*** Supplied material Section Begins ***

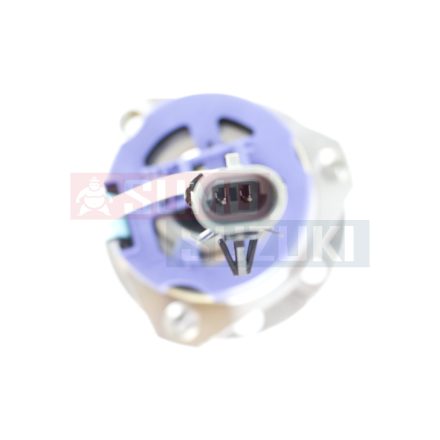 Opel kerékagy 4 csavaros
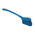 Vikan Medium Bristle White Hand Brush, 500mm bristle length, Polyester, Polypropylene, Stainless Steel bristle material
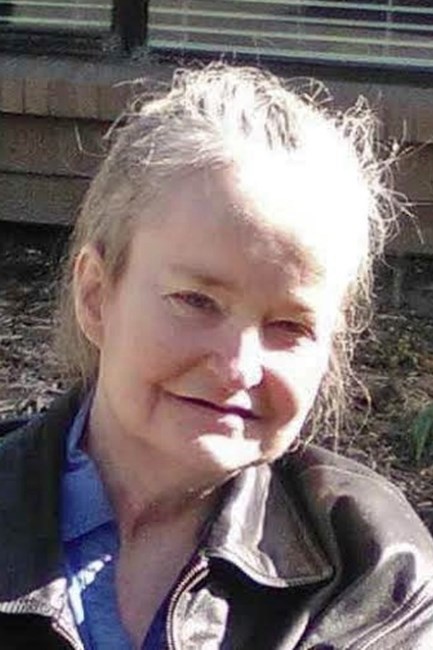 Obituary of Ginger Ann Olson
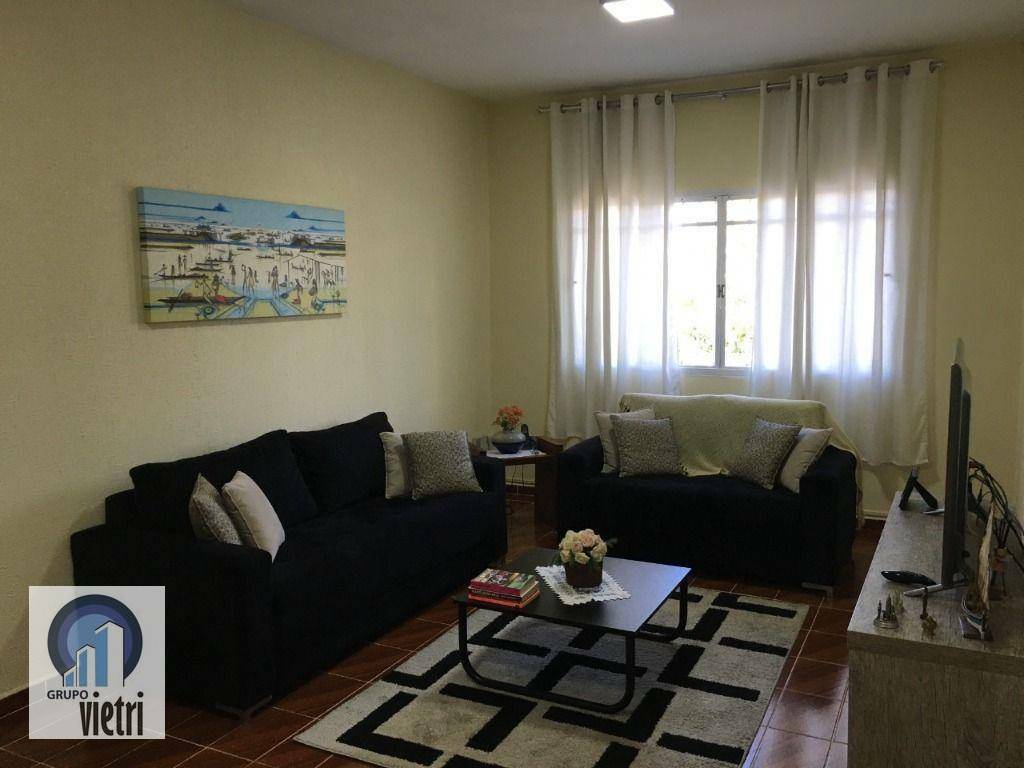 Sobrado à venda com 3 quartos, 145m² - Foto 22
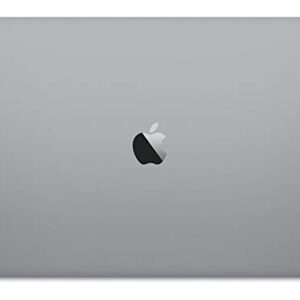 Alternative view of Prenosnik Apple Macbook Pro 15 (2018) / i7 / RAM 32 GB / SSD Disk / 15,6″ 2.8K - Na zalogi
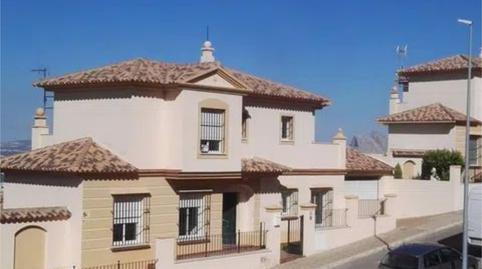 Pis en venda a Calle Mirador de las Arquillas, 22, Fuentemora, Antequera - imatge 3 Foto 3 de Pis en venda a Calle Mirador de las Arquillas, 22, Fuentemora, Antequera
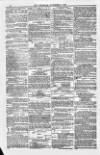 Weymouth Telegram Friday 25 November 1881 Page 18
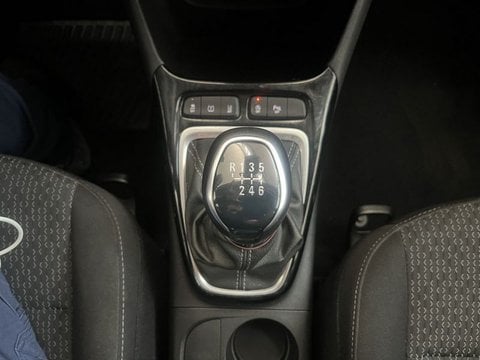 Auto Usate A Lecco | Opel Crossland Crossland 1.2 Elegance S&S 110Cv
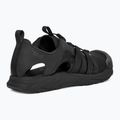 Pánske sandále Teva Hydratrek black 4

*** Supplied material Section Ends ***

> Aim of the exercise:
Emit an exact copy of the lines from the line bearing "Alternative view of" through the last line above, inclusive, and leave the images out.

> Solution below:
 Alternative view of Prenosnik Apple Macbook Pro 15 (2018) / i7 / RAM 32 GB / SSD Disk / 15,6″ 2.8K - Na zalogi
 Pis en venda a Calle Mirador de las Arquillas, 22, Fuentemora, Antequera - imatge 3 Foto 3 de Pis en venda a Calle Mirador de las Arquillas, 22, Fuentemora, Antequera
 Weymouth Telegram Friday 25 November 1881 Page 18
 Auto Usate A Lecco | Opel Crossland Crossland 1.2 Elegance S&S 110Cv
 Pánske sandále Teva Hydratrek black 4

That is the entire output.